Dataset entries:

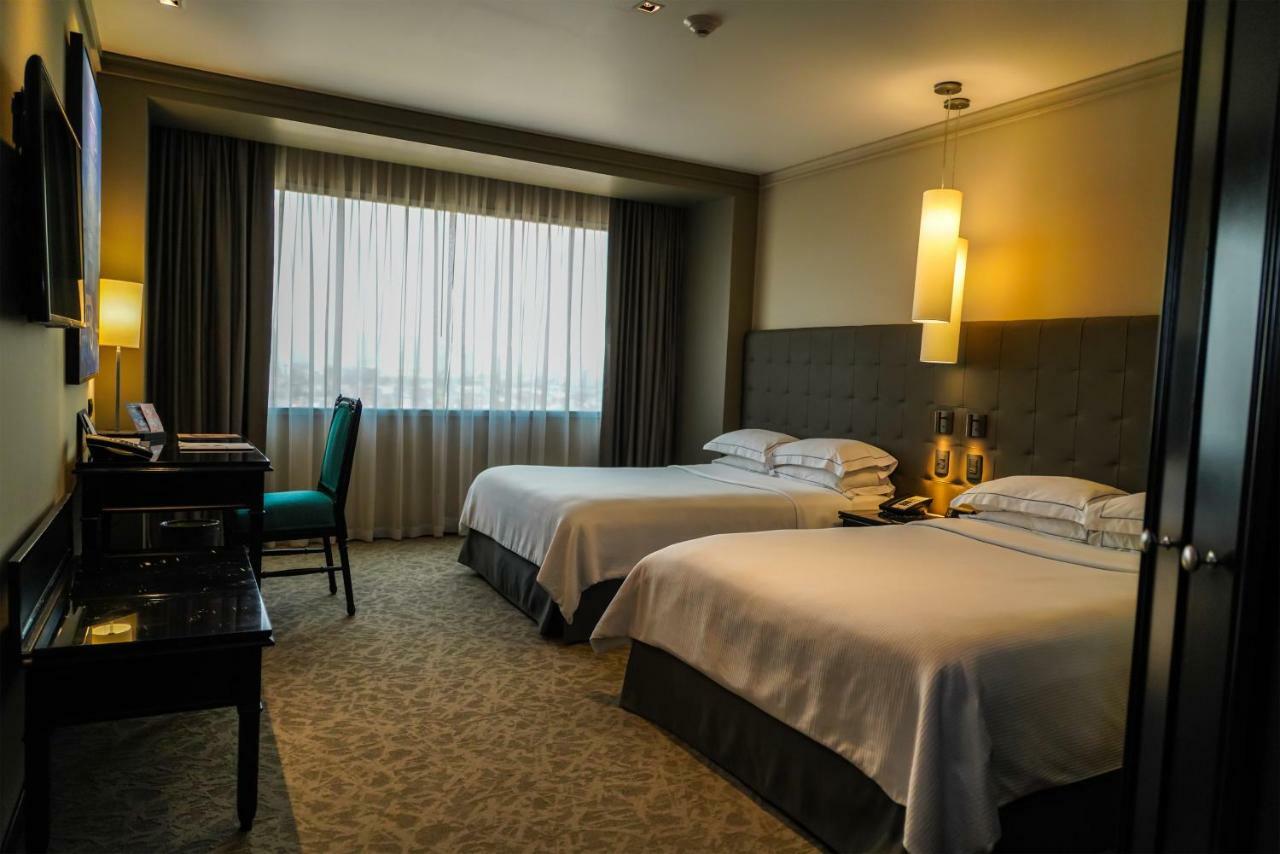 Barcelo Reforma Hotel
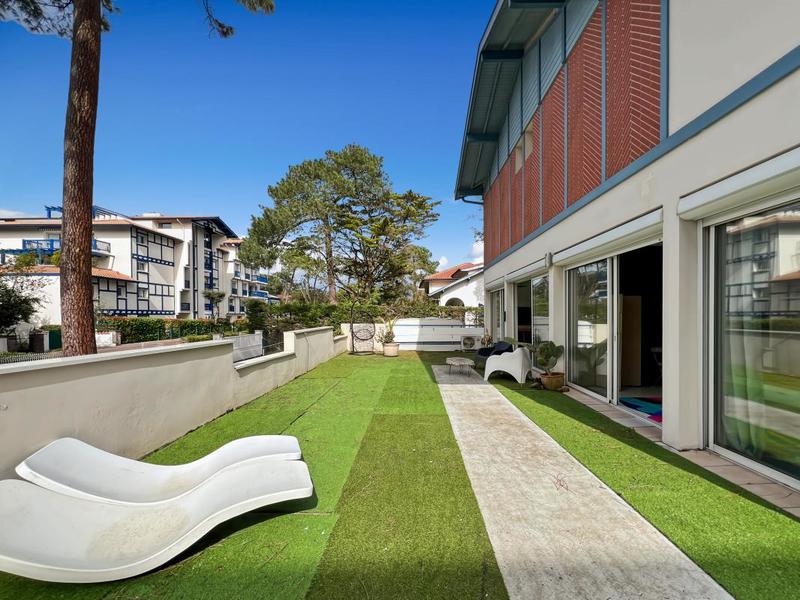 Appartement - 77 m² - 3 pièces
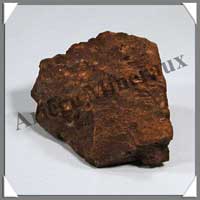 BAUXITE - [Taille 2] - 50  100 gr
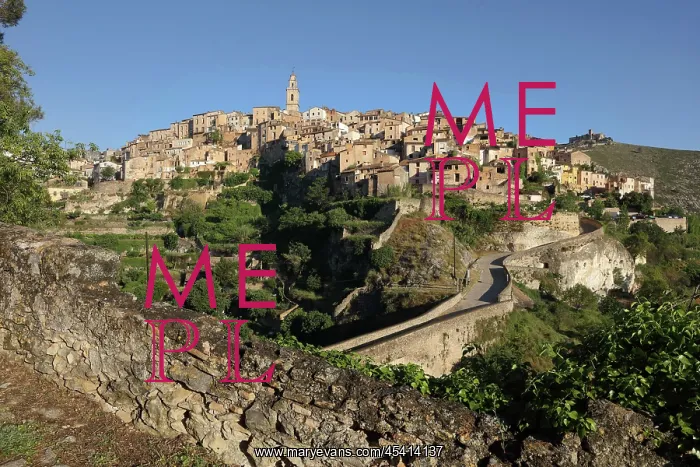 : Bocairent, Valencia, Spain : Bocairent, Valencia, Spain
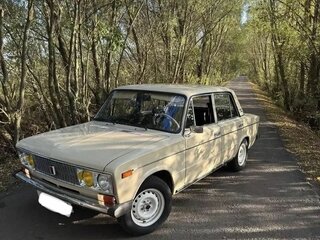 1994 Lada (ВАЗ) 2106, бежевый, 180000 рублей, вид 1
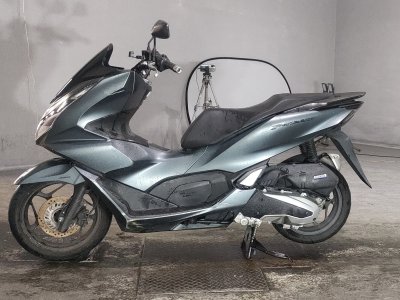 Honda PCX160 — фото 2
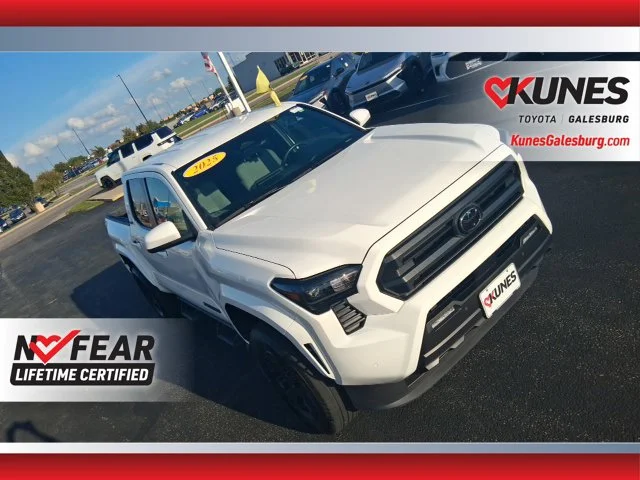 SEMINUEVOS TOYOTA Tacoma a Estados en autogozo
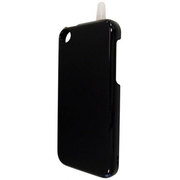 FL-06BKWH [ファーストスター iPhone5C BK]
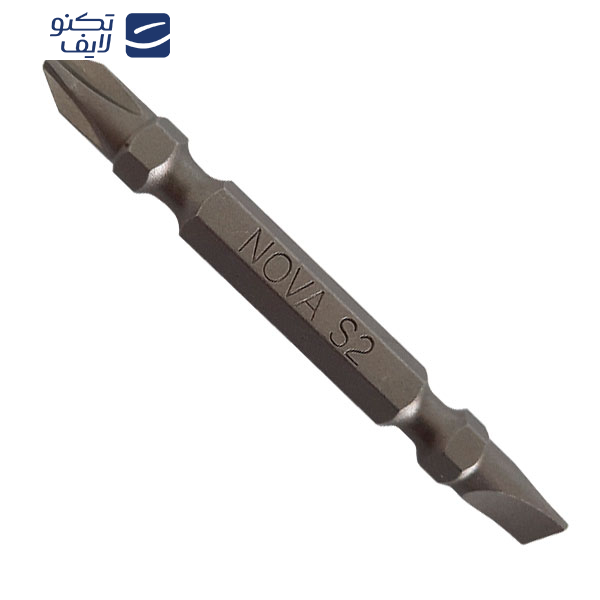 سری پیچ گوشتی نووا مدل DI.PH2.SL665 سری پیچ گوشتی نووا مدل DI.PH2.SL665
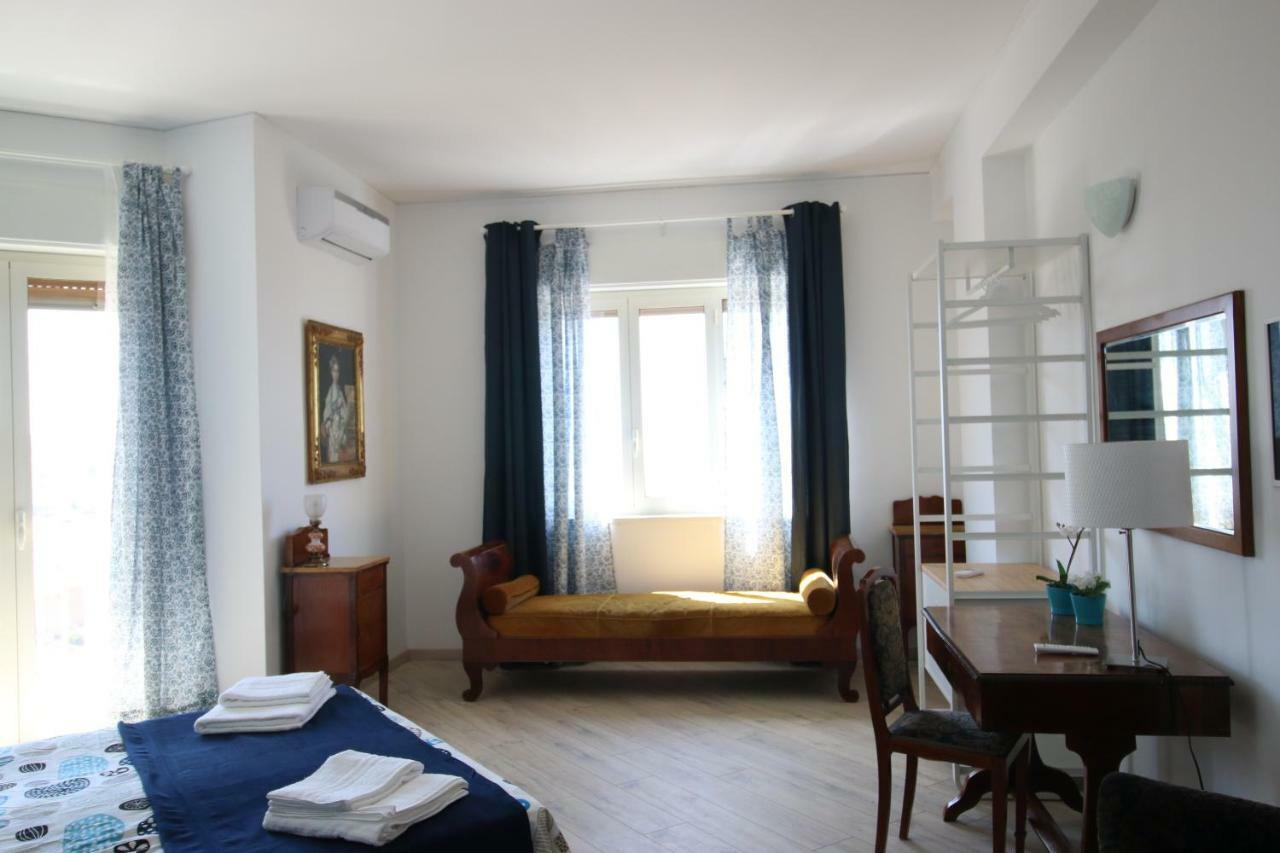 L'Alba Sui Templi Bed & Breakfast Agrigento Eksteriør bilde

• **TASK DIRECTIONS**:
Since only the text is wanted, repeat all the records above exactly and omit the pictures.

• **RESULT OF THIS TASK**:
 Barcelo Reforma Hotel
 Appartement - 77 m² - 3 pièces
 BAUXITE - [Taille 2] - 50  100 gr
 : Bocairent, Valencia, Spain : Bocairent, Valencia, Spain
 1994 Lada (ВАЗ) 2106, бежевый, 180000 рублей, вид 1
 Honda PCX160 — фото 2
 SEMINUEVOS TOYOTA Tacoma a Estados en autogozo
 FL-06BKWH [ファーストスター iPhone5C BK]
 سری پیچ گوشتی نووا مدل DI.PH2.SL665 سری پیچ گوشتی نووا مدل DI.PH2.SL665
 L'Alba Sui Templi Bed & Breakfast Agrigento Eksteriør bilde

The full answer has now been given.